-- Opening Marker --
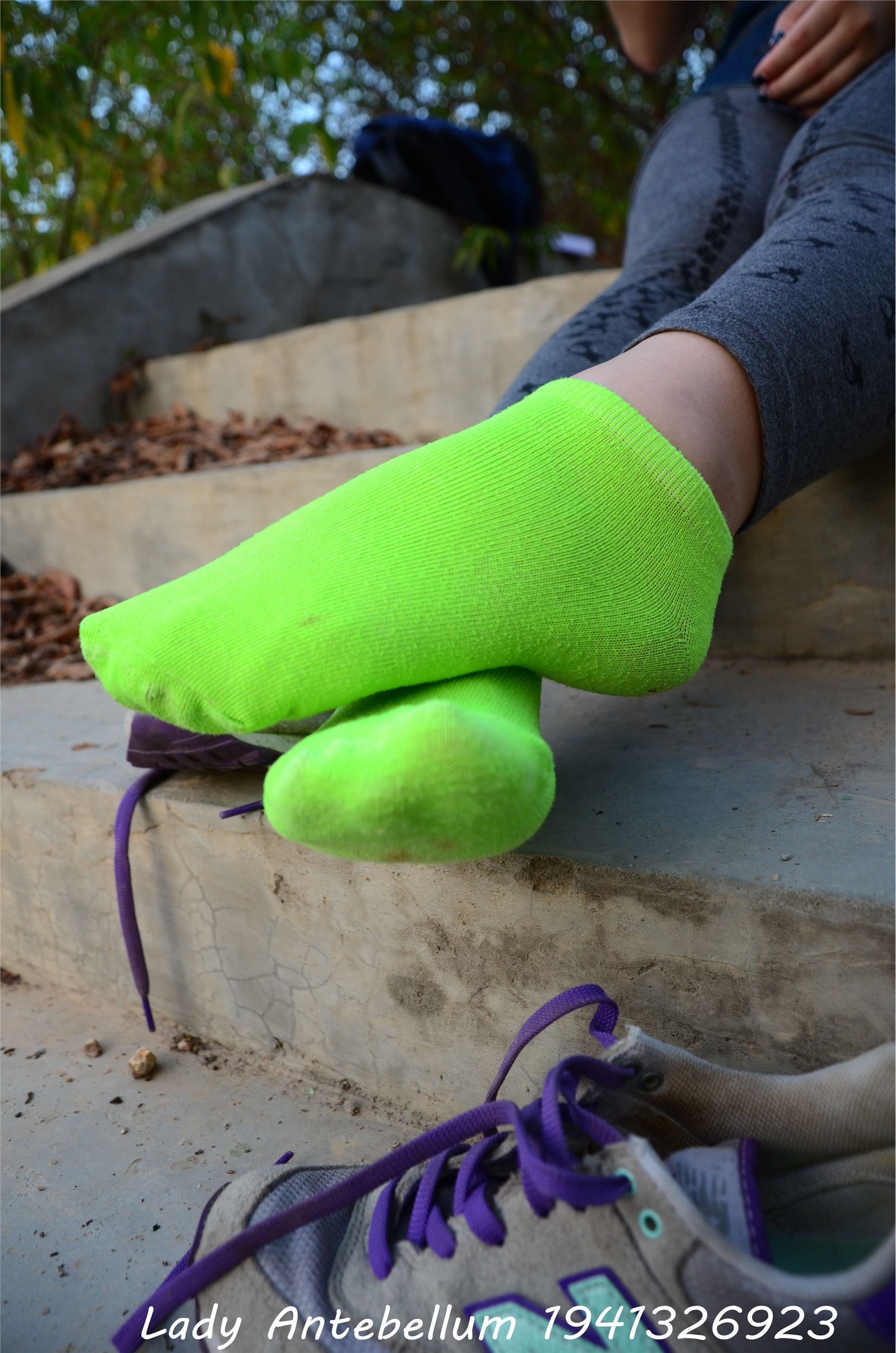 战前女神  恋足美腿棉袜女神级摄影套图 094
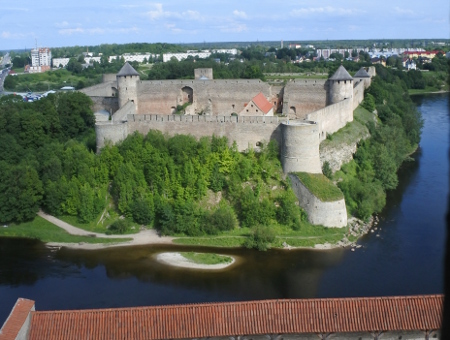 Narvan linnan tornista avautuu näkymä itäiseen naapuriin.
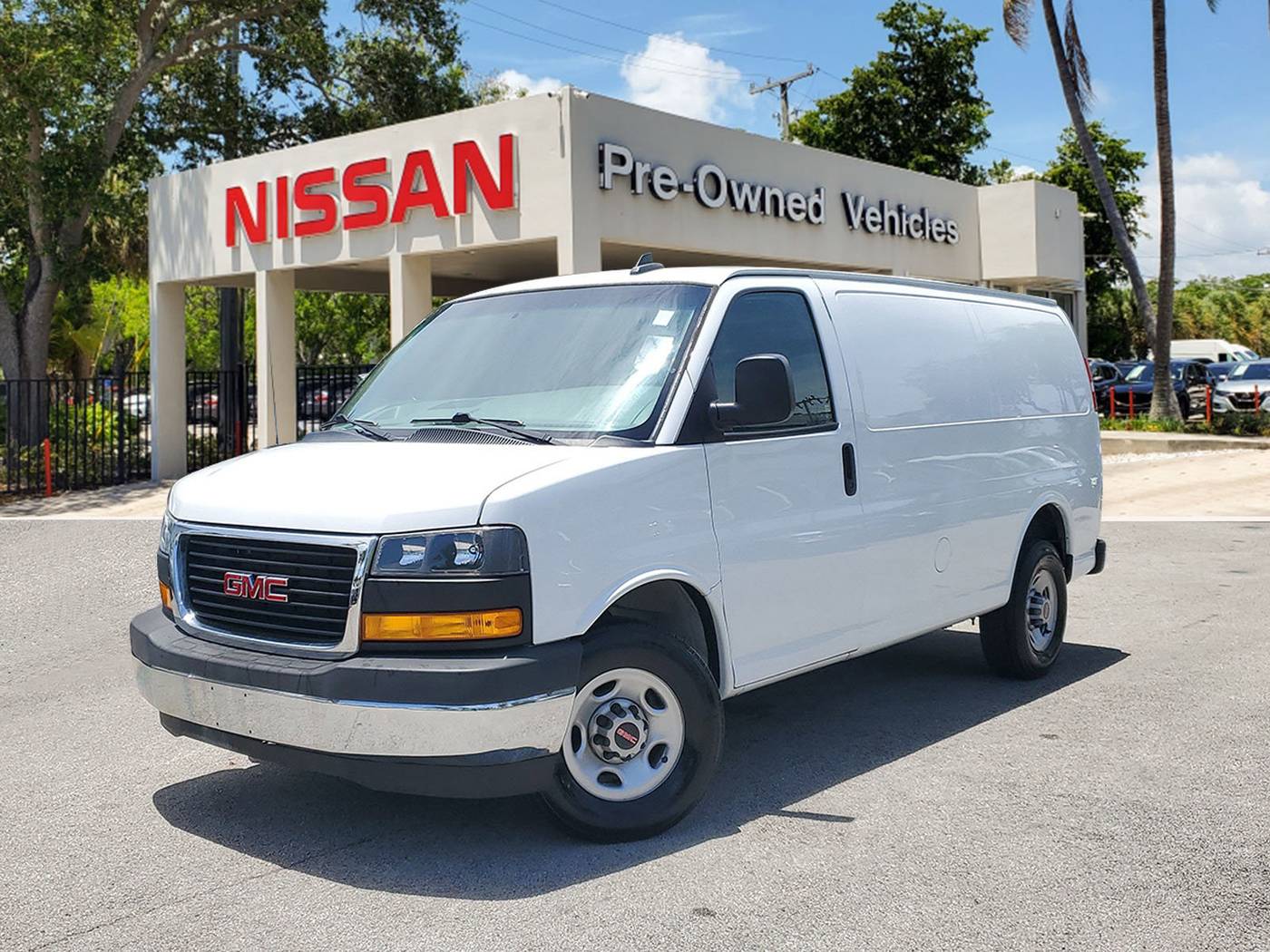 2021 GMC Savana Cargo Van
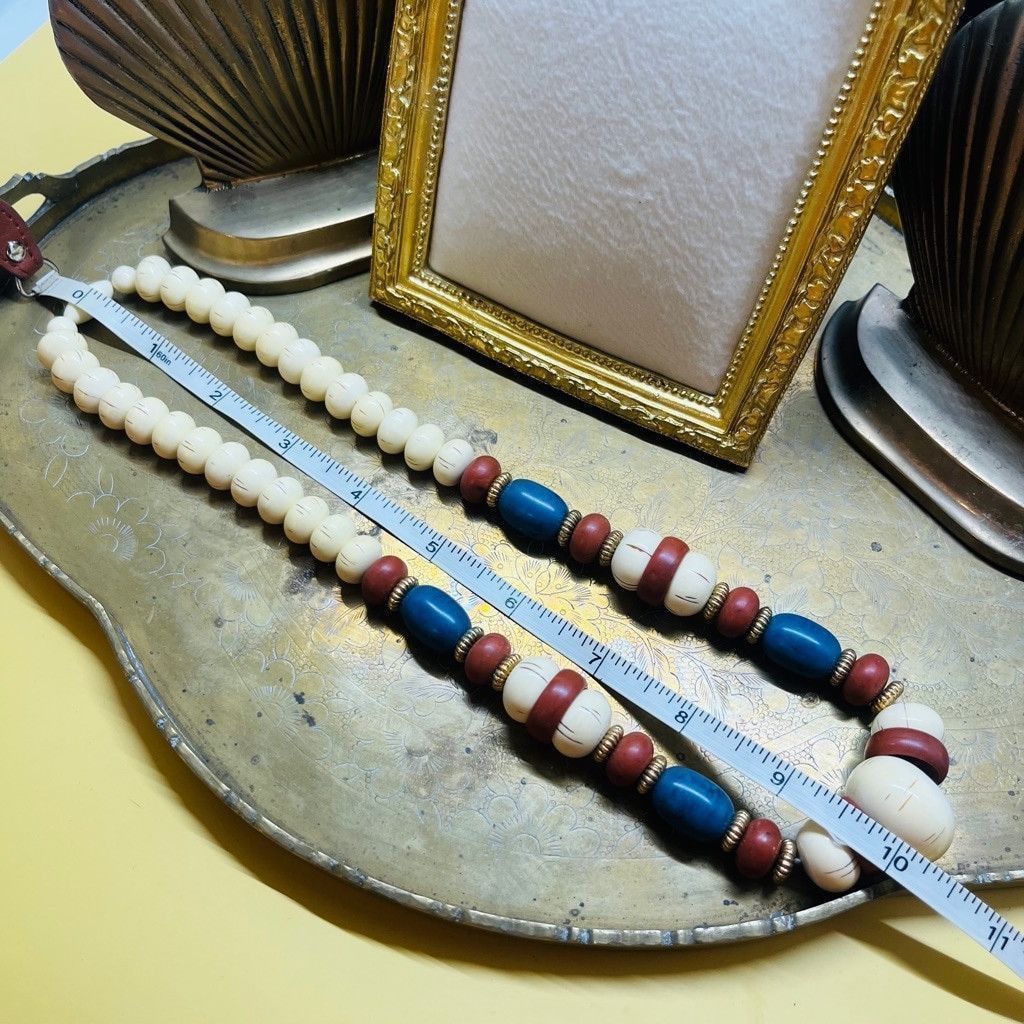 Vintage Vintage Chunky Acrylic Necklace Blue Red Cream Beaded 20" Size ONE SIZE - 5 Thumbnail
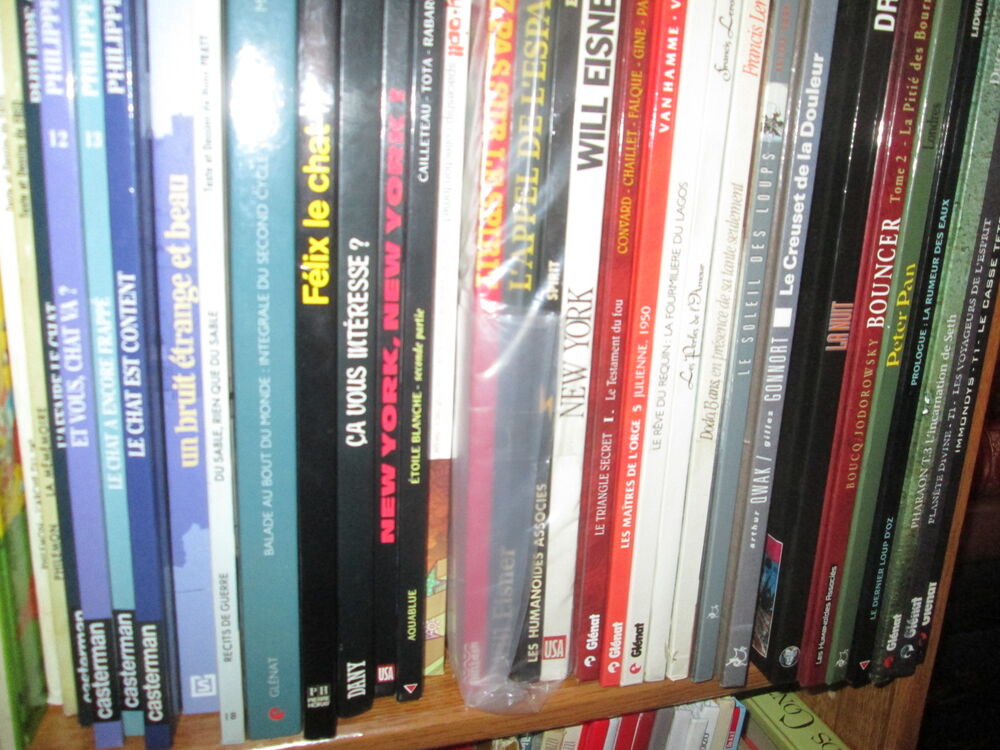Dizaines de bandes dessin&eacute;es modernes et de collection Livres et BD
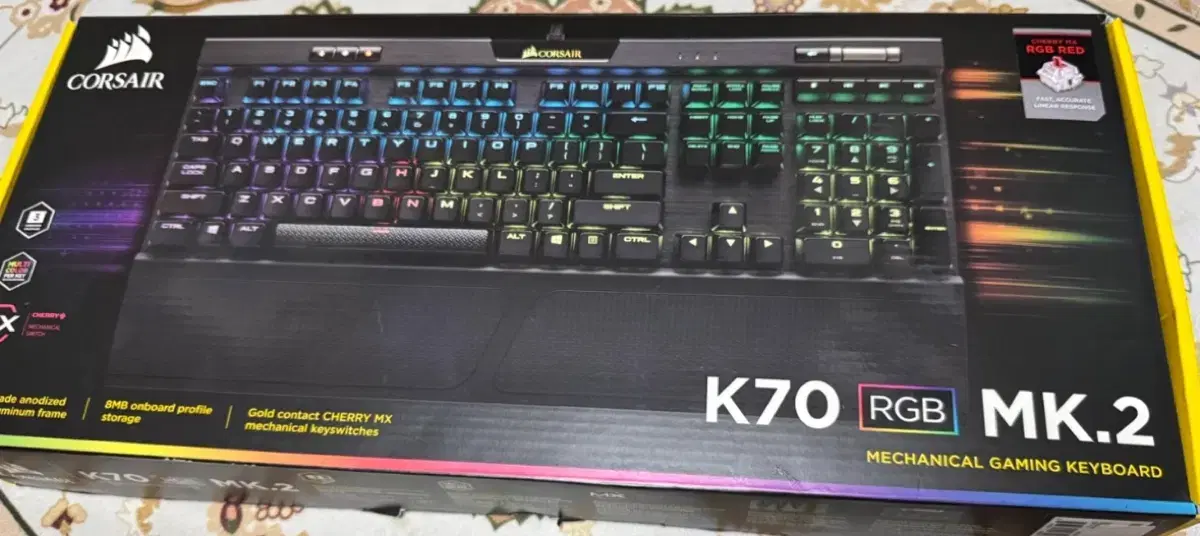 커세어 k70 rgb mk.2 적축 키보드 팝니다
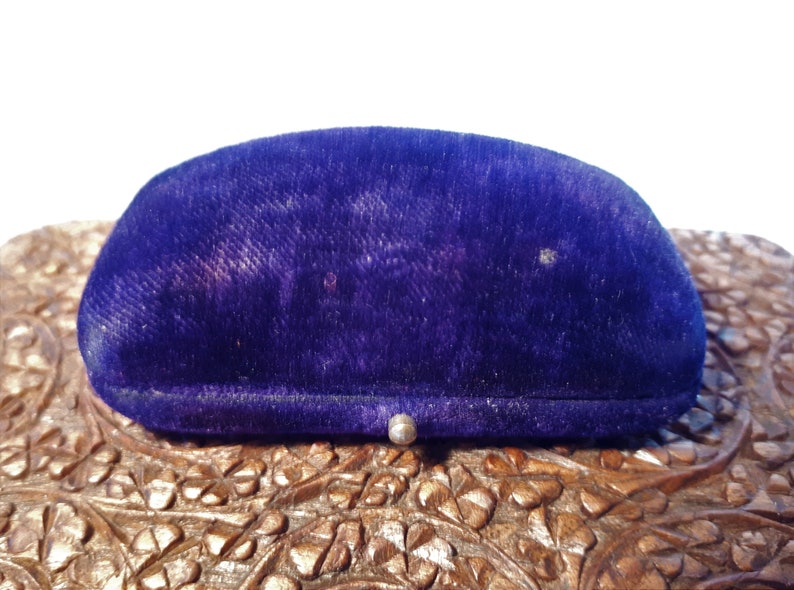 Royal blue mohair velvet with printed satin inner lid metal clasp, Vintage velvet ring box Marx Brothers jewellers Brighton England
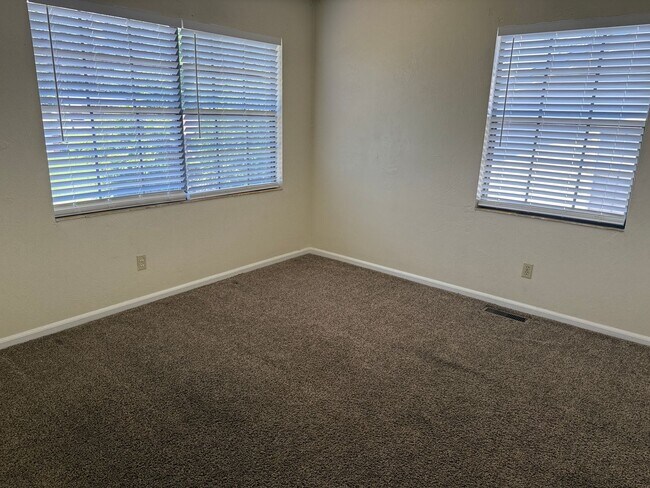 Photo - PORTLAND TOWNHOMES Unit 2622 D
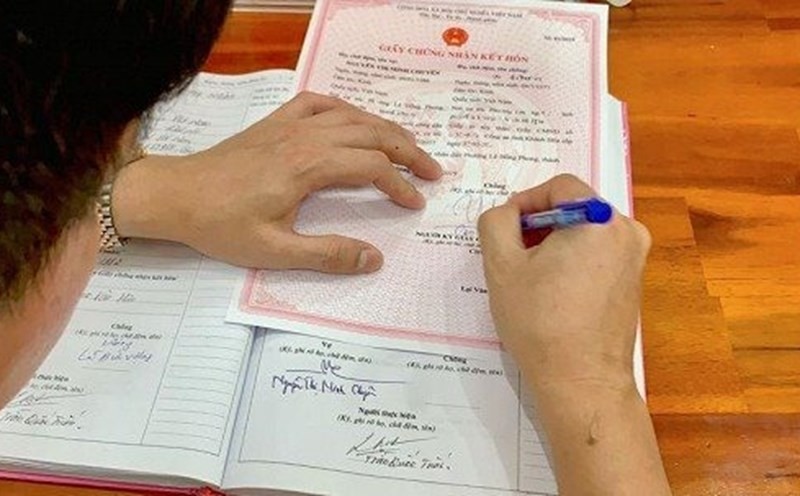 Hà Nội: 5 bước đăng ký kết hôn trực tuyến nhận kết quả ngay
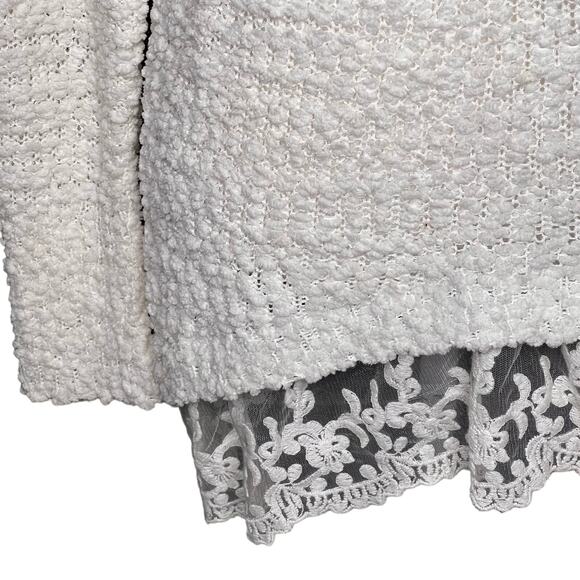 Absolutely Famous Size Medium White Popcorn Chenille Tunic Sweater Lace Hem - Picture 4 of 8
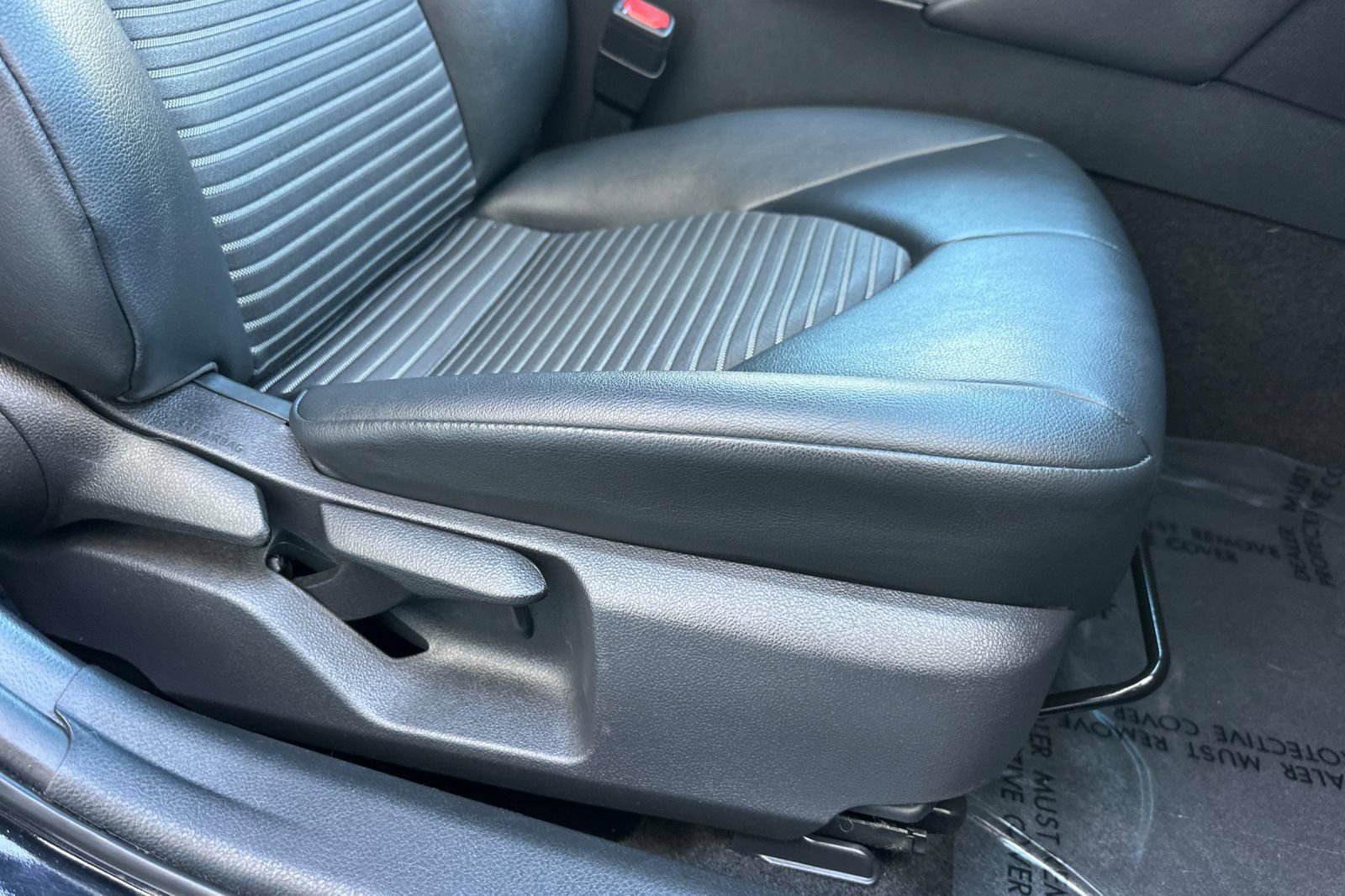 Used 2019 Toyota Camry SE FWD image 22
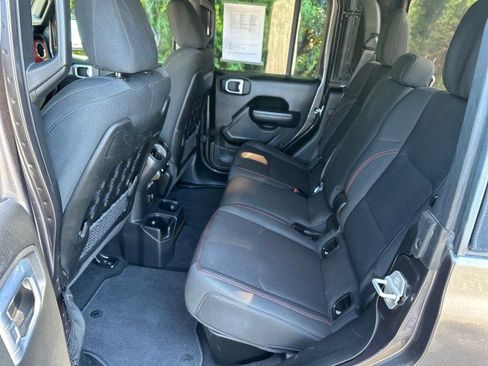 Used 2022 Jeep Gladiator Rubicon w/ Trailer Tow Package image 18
-- Closing Marker --
▶ WHAT YOU ARE ASKED TO DO:
Verbatim output, no pictures: the line holding "Hà Nội: 5 bước" and all lines after it through the last line of the material, with nothing else.

▶ EXERCISE OUTPUT:
 Hà Nội: 5 bước đăng ký kết hôn trực tuyến nhận kết quả ngay
 Absolutely Famous Size Medium White Popcorn Chenille Tunic Sweater Lace Hem - Picture 4 of 8
 Used 2019 Toyota Camry SE FWD image 22
 Used 2022 Jeep Gladiator Rubicon w/ Trailer Tow Package image 18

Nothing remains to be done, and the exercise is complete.